BEGIN RAW DATA
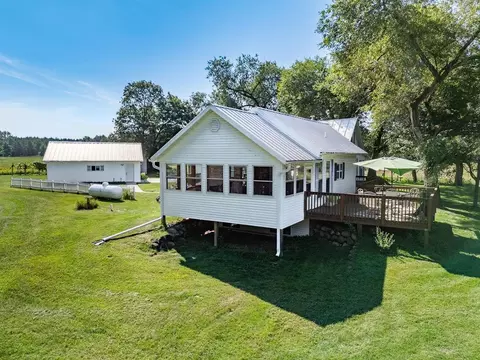 w8274 County Highway E, Oxford, WI 53952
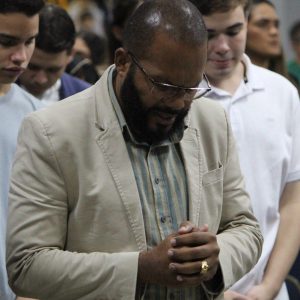 Mais de 19 mil horas de oração despertam mover em Olinda (PE)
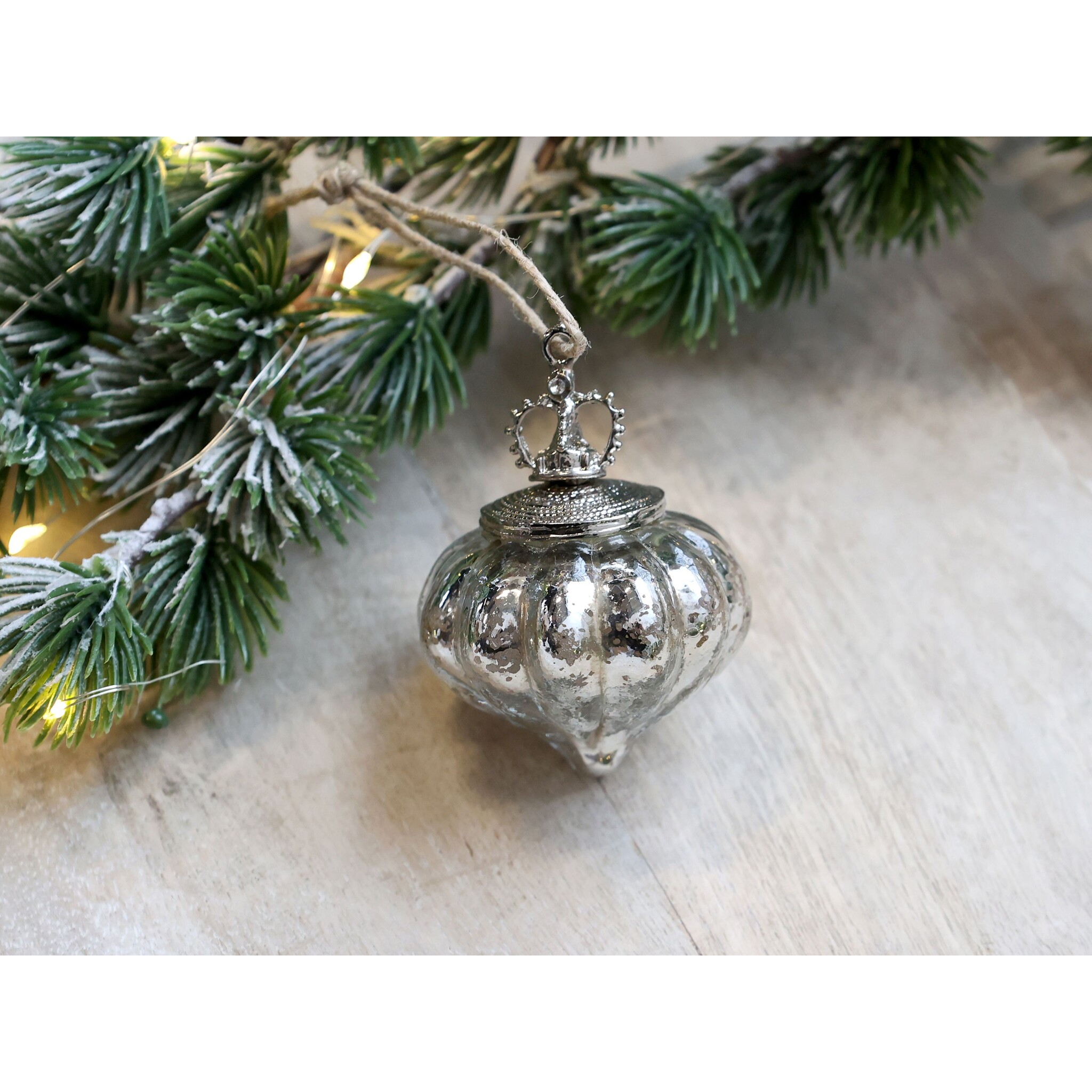 Weihnachtlicher Tropfen Aufhänger mit Strasssteinen, bauernsilber Höhe 7,5, Ø 5 cm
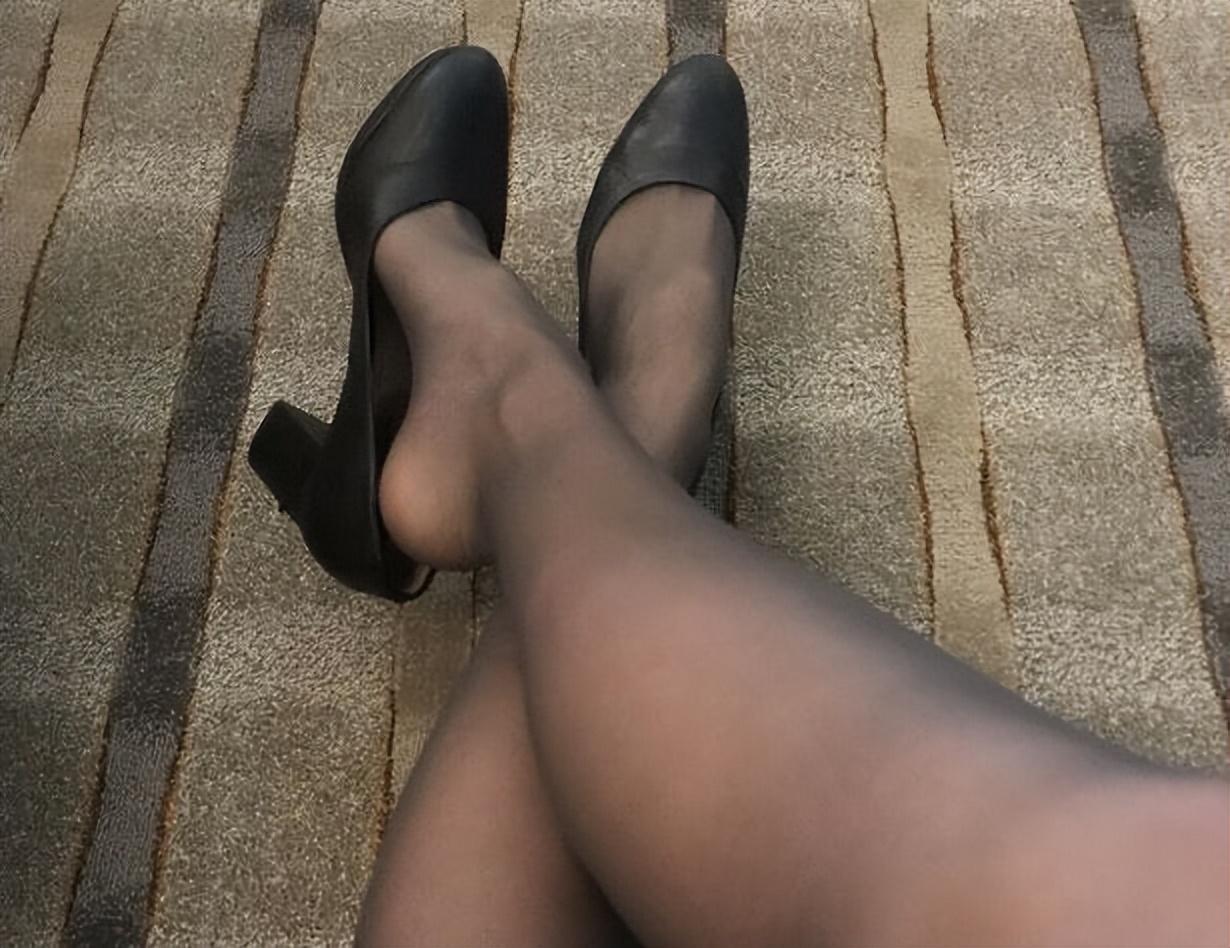 灰色交易盛行，揭秘咸鱼背后不法原味“*袜丝**圣水”国家该如何整治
END RAW DATA
WORK TO COMPLETE: The material should be duplicated word for word, with no images included.

EXERCISE RESPONSE:
 w8274 County Highway E, Oxford, WI 53952
 Mais de 19 mil horas de oração despertam mover em Olinda (PE)
 Weihnachtlicher Tropfen Aufhänger mit Strasssteinen, bauernsilber Höhe 7,5, Ø 5 cm
 灰色交易盛行，揭秘咸鱼背后不法原味“*袜丝**圣水”国家该如何整治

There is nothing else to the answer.